Data entries:
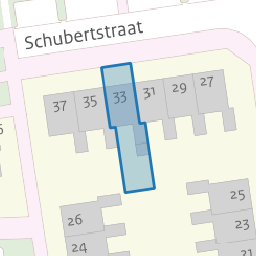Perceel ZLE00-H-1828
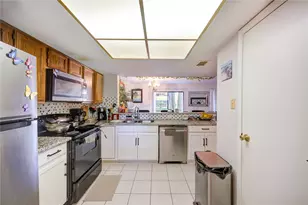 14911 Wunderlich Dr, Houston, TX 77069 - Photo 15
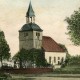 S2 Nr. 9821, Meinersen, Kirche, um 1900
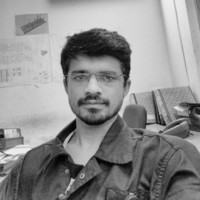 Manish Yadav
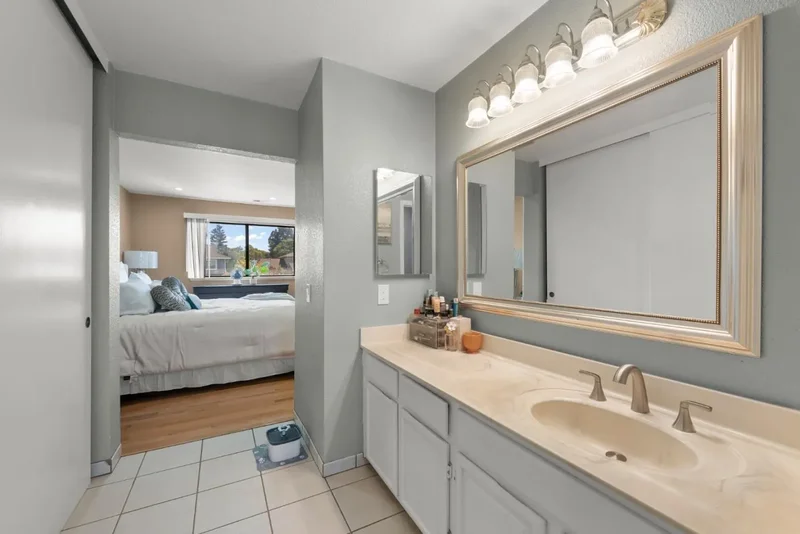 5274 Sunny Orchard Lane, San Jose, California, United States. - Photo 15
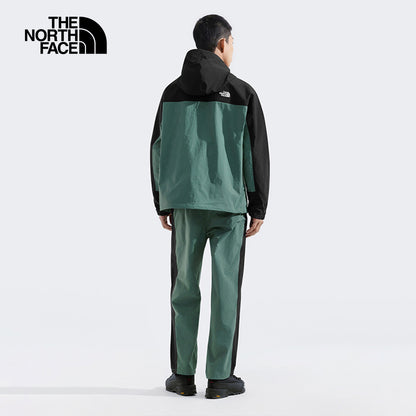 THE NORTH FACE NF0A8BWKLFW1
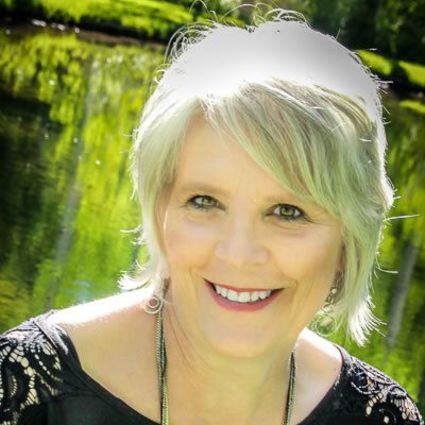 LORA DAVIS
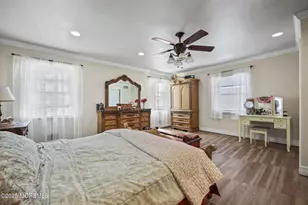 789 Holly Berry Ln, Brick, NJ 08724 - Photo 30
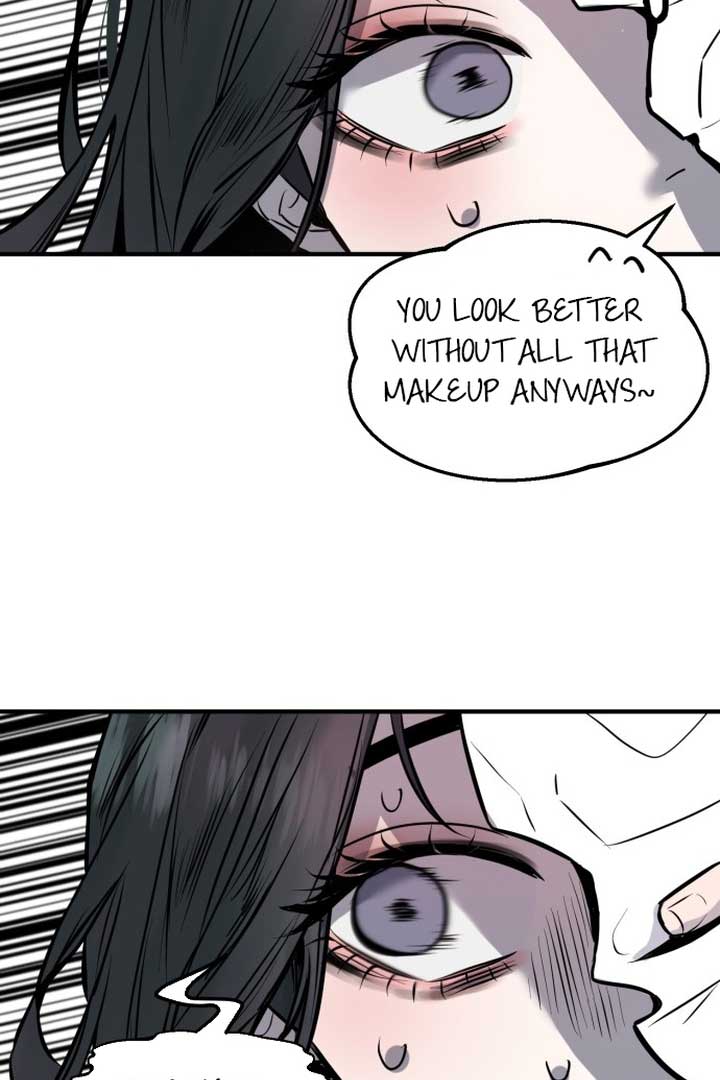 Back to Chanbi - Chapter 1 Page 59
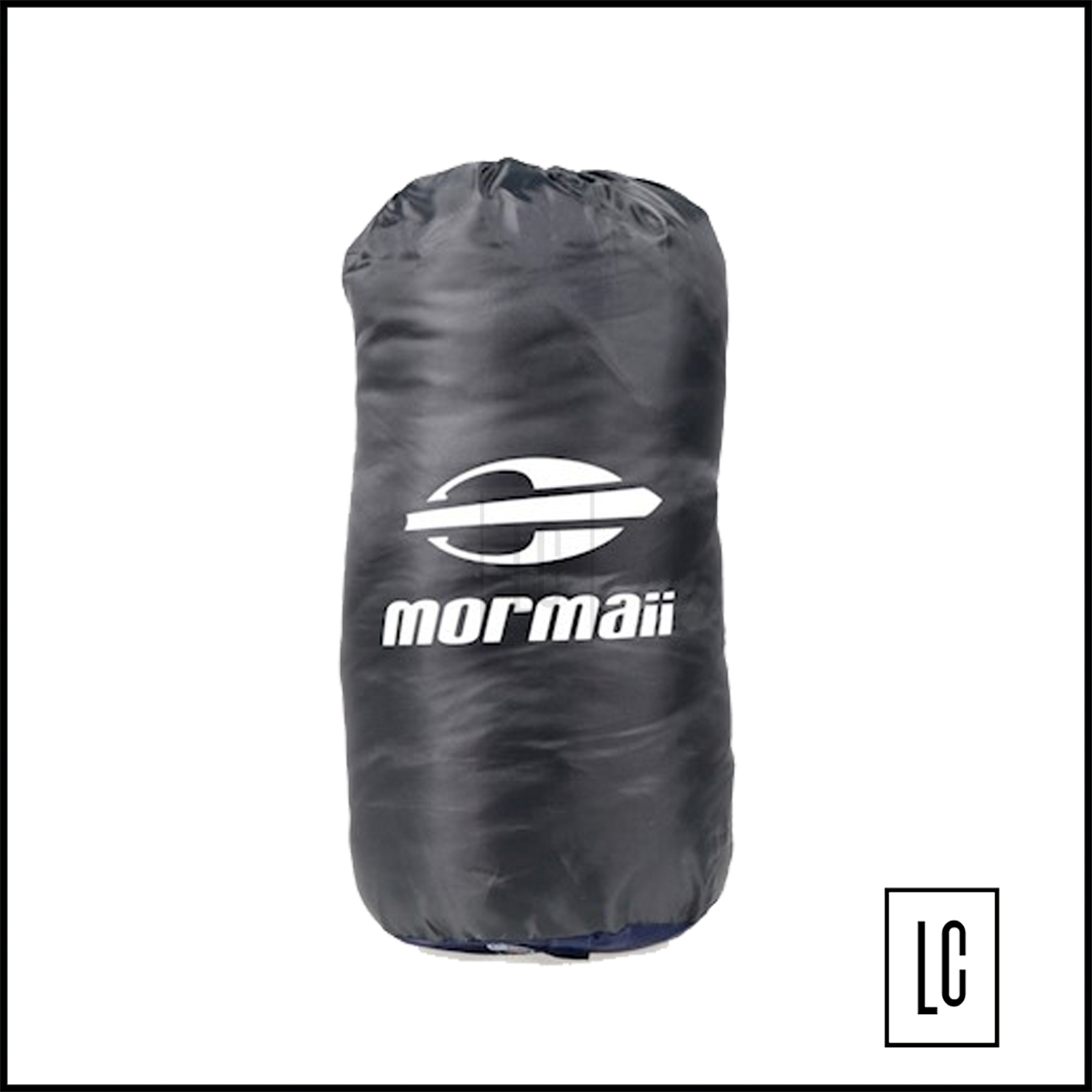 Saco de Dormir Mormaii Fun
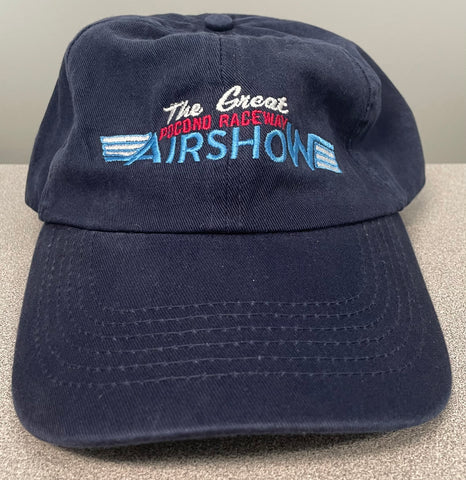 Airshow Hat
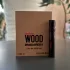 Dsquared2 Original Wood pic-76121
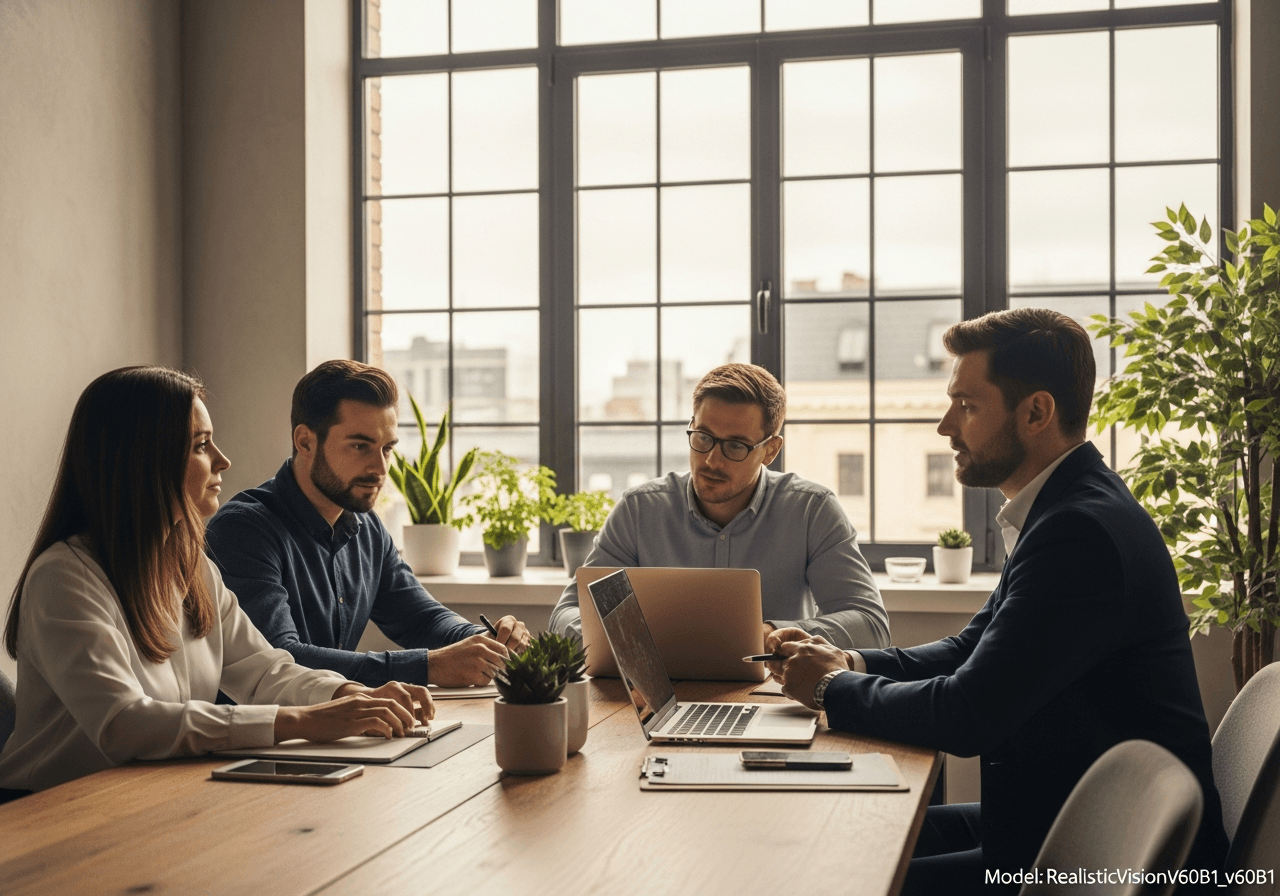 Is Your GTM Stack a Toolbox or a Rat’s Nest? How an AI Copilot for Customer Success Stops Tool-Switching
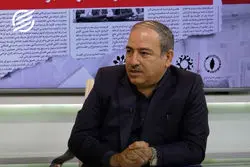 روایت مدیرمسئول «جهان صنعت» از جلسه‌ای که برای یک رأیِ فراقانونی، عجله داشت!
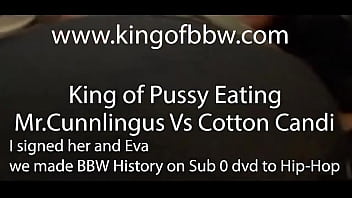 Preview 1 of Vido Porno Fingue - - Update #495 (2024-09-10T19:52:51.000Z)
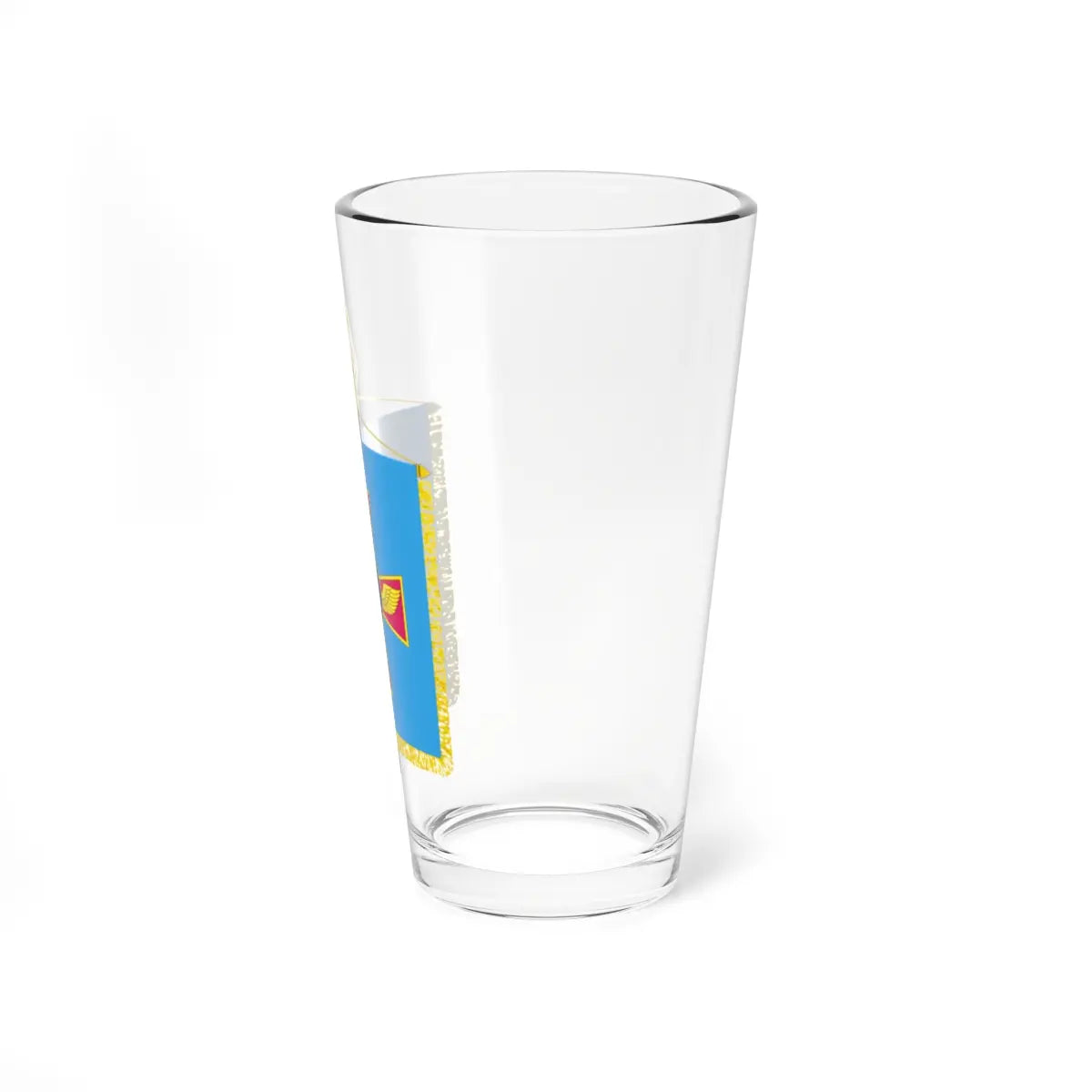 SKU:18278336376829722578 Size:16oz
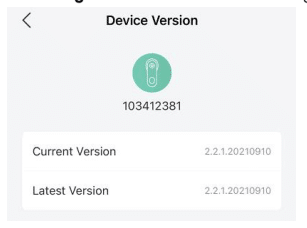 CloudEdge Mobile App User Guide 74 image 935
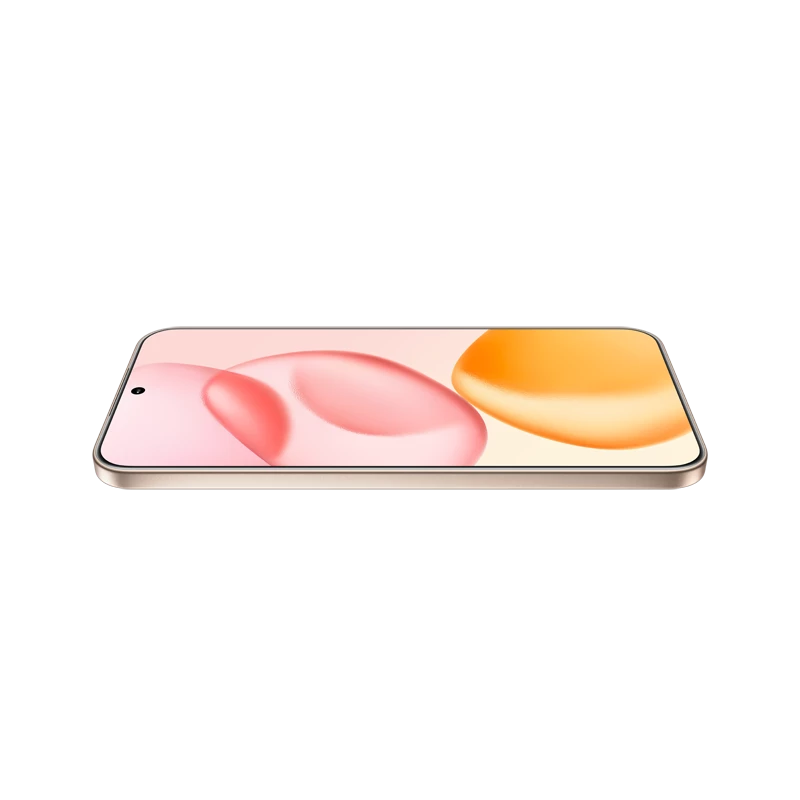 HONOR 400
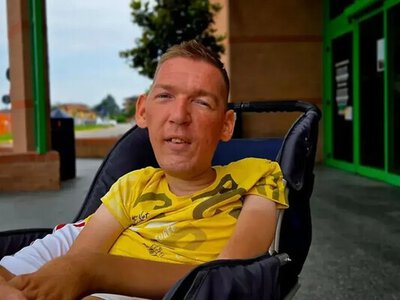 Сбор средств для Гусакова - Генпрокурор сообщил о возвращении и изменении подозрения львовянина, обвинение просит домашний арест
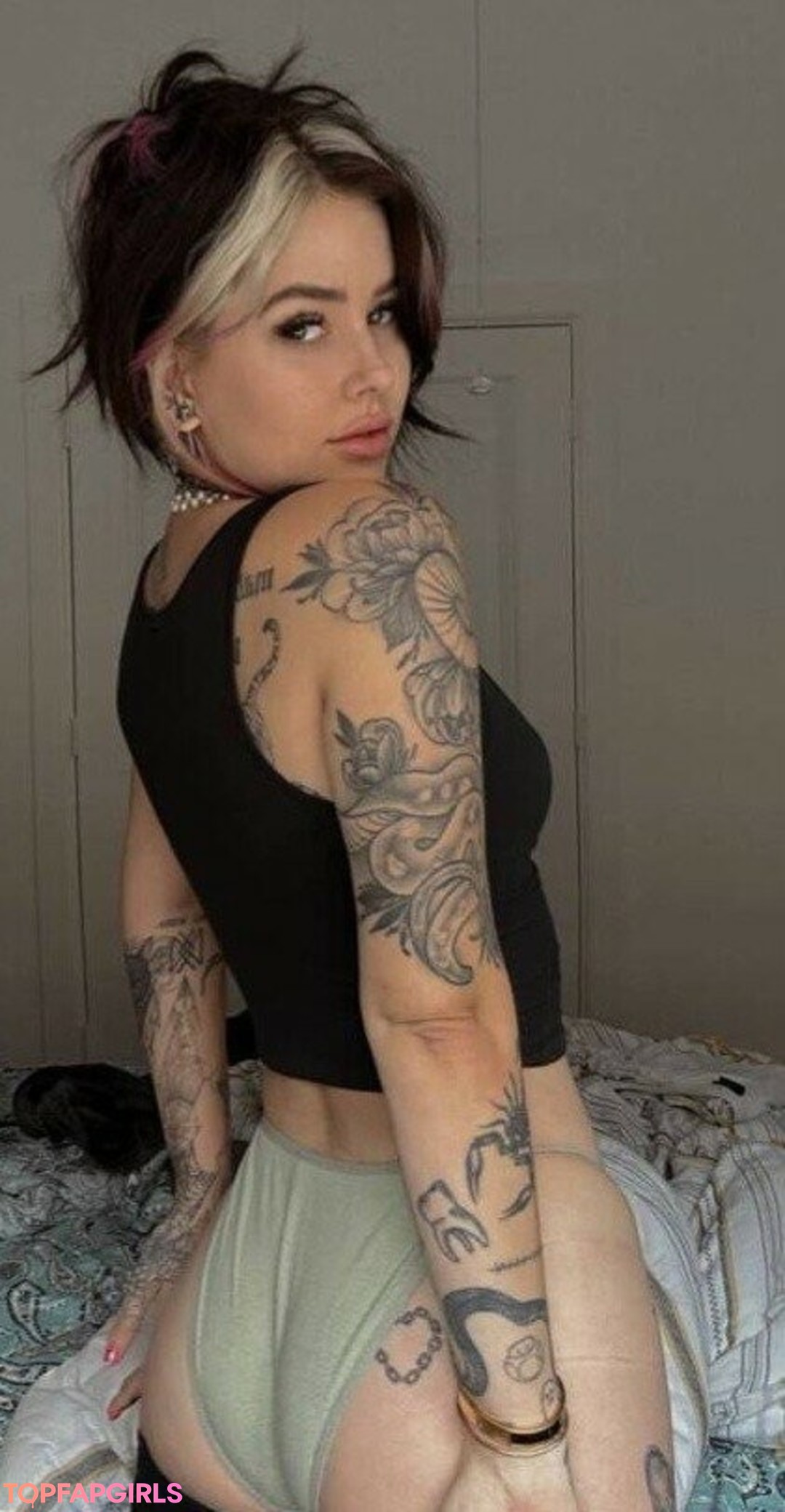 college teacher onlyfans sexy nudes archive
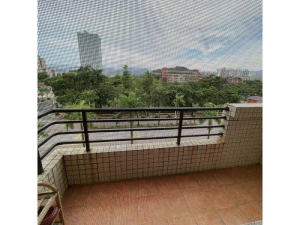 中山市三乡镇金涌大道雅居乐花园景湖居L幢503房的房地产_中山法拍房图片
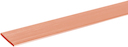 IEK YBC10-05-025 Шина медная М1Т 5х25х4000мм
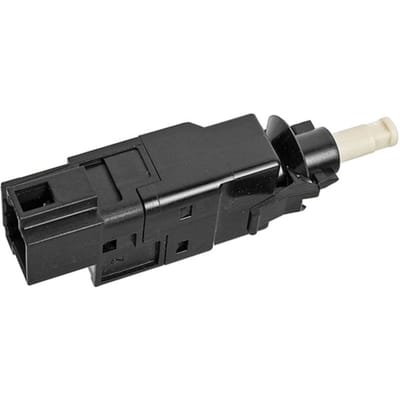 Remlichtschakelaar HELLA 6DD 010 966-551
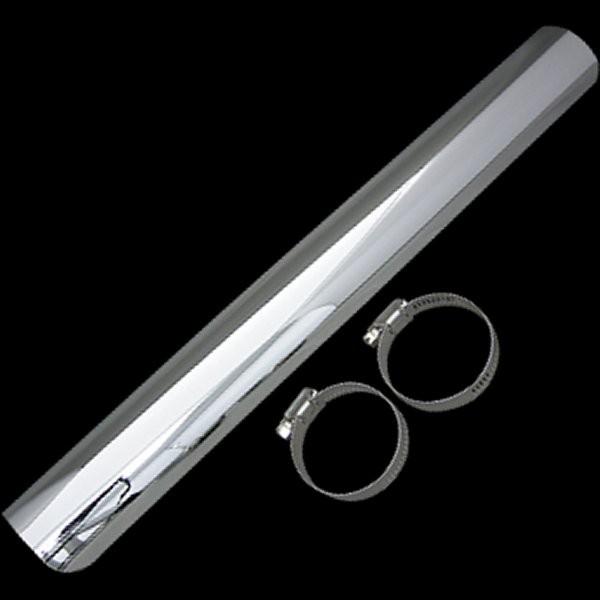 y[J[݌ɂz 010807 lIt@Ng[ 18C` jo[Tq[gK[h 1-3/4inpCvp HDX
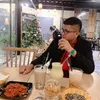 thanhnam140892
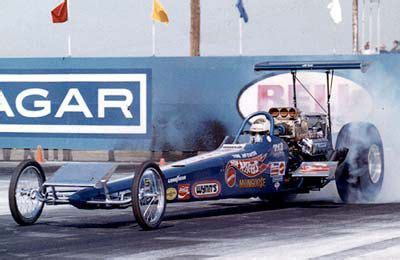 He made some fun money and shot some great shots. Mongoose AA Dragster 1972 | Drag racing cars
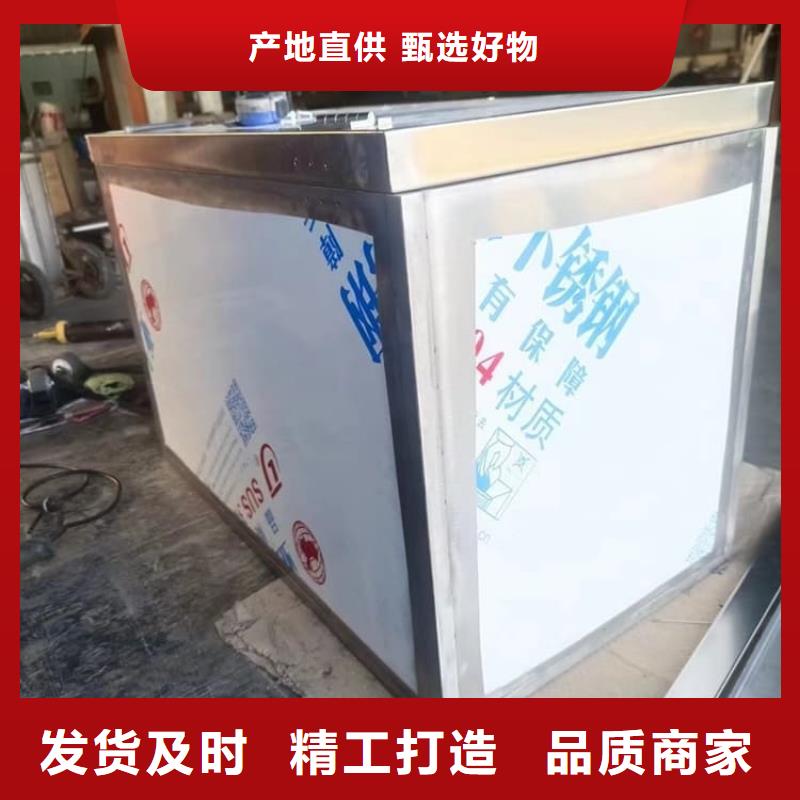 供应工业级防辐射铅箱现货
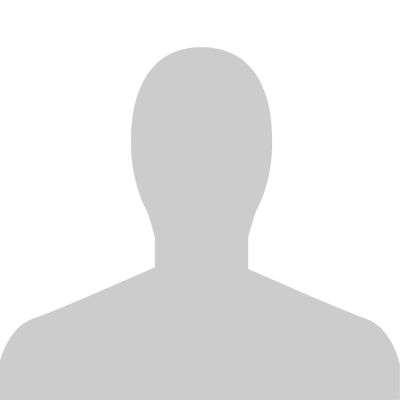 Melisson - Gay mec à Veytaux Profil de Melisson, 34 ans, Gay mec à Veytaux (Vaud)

» **Requirement**
When you reach the line containing "Airshow Hat" in the entries above, begin restating word for word, and stop once the line containing "中山市三乡镇金涌大道雅居乐花园景湖居L幢503房的房地产_中山法拍房图片" has been given. Omit the pictures.

» **Task solution**
 Airshow Hat
 Dsquared2 Original Wood pic-76121
 Is Your GTM Stack a Toolbox or a Rat’s Nest? How an AI Copilot for Customer Success Stops Tool-Switching
 روایت مدیرمسئول «جهان صنعت» از جلسه‌ای که برای یک رأیِ فراقانونی، عجله داشت!
 Preview 1 of Vido Porno Fingue - - Update #495 (2024-09-10T19:52:51.000Z)
 SKU:18278336376829722578 Size:16oz
 CloudEdge Mobile App User Guide 74 image 935
 HONOR 400
 Сбор средств для Гусакова - Генпрокурор сообщил о возвращении и изменении подозрения львовянина, обвинение просит домашний арест
 college teacher onlyfans sexy nudes archive
 中山市三乡镇金涌大道雅居乐花园景湖居L幢503房的房地产_中山法拍房图片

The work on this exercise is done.